I wake on the morning of the Games. The throwing up has stopped, to my immense relief. I was so scared that Gloss would begin to question me about it, and no matter how much I throw up my walls of lies to keep the truth safe, he would break those walls down eventually. This morning, the stylists will take Cashmere and Gloss and then their only existence in this world will be on the screen of a television. It will all seem so surreal. At least one of them, I will never see again. I feel a wave of nausea that has nothing to do with morning sickness.

So I decide that today, I stop playing games. I stop pretending that I don't feel this, that there isn't anything between Gloss and I. I will admit the truth even as it tears me apart. Not about the child – it might break Gloss to know that, or perhaps he won't care. Nonetheless, for some reason I am oddly protective of the child's existence, as though telling Gloss will somehow have repercussions.

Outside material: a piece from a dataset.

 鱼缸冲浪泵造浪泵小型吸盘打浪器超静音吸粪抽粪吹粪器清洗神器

"Gloss?" I approach him tentatively. He's dressed simply, for he won't be in his arena clothes until he reaches the Launch Room. It's easier to see him as another human being this way, as though we are just two people in the world and it doesn't matter that one of us is a Victor and one of us is a Capitolian. I embrace him. He is like steel, cold and unyielding, but that doesn't stop me from trying.

"You shouldn't be so affectionate." He is trying to scold me, but his voice hitches slightly and for the first time in many years, perhaps Gloss feels something. I offer him a thin smile and try not to cry myself. People aren't meant to know about us. I can't afford to get all emotional now.

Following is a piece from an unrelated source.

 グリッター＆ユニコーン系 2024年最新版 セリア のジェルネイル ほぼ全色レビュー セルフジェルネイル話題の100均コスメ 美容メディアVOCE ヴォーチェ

"Storm." Cashmere is considerably warmer. I hug her tight and I don't want to let her go. She has always been the balance, the only thing keeping Gloss from tearing into me with his verbal barbs and his hand across my face when the animal escapes from its cage. She is perhaps my one true friend, and now I risk losing her. If I could pick between she and Gloss...it hurts, but I would pick her.

"I'm not worried," I lie, "You two are Careers. You stand a fighting chance in that arena. One of you is bound to win."

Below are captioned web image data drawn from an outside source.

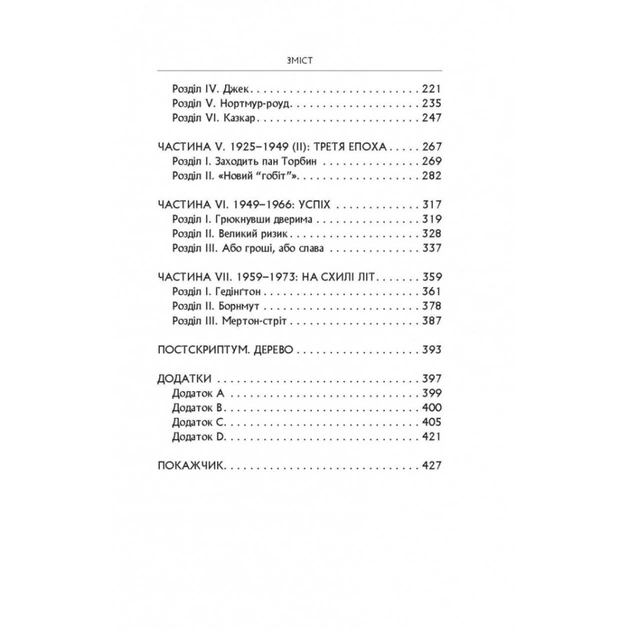 Книга Дж. Р. Р. Толкін: Біографія - Гамфрі Карпентер Астролябія (9786176642114) - picture 3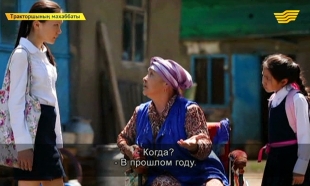 &laquo;Тракторшының махаббаты&raquo; 4 серия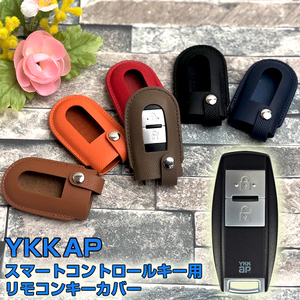 YKK AP スマートコントロールキー用 リモコンキーカバー 本革 【オレンジ】 玄関ドアキー ポケットキーカバー ClassicLine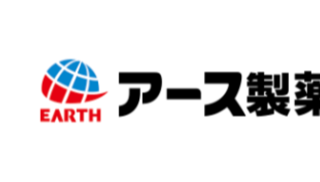 アース製薬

Cashmere notices that my gaze lingers on Gloss. How can she not? Cashmere notices everything. She offers me a meaningful glance and murmurs some excuse, sauntering back to her room. Perhaps she thinks that I'll tell Gloss about the baby. Guilt squirms inside me, for I have no intention of doing that.

"There's something I have to say." The words are bold, much braver than I feel. I lift my chin up and I can tell by the resignation in Gloss's blue eyes that he already knows what I'm about to say, and that no matter how hard he tries, he can't stop me. "Gloss...I...I love you."

He watches me with impassive eyes for what feels like forever. I want him to say something, anything. I don't care so long as he actually acknowledges what I've just told him. Instead he just inclines his head, as if I've wished him luck or told him the weather's going to be sunny today. Desperation claws through me. The baby kicks. A baby that will more likely than not never know its father.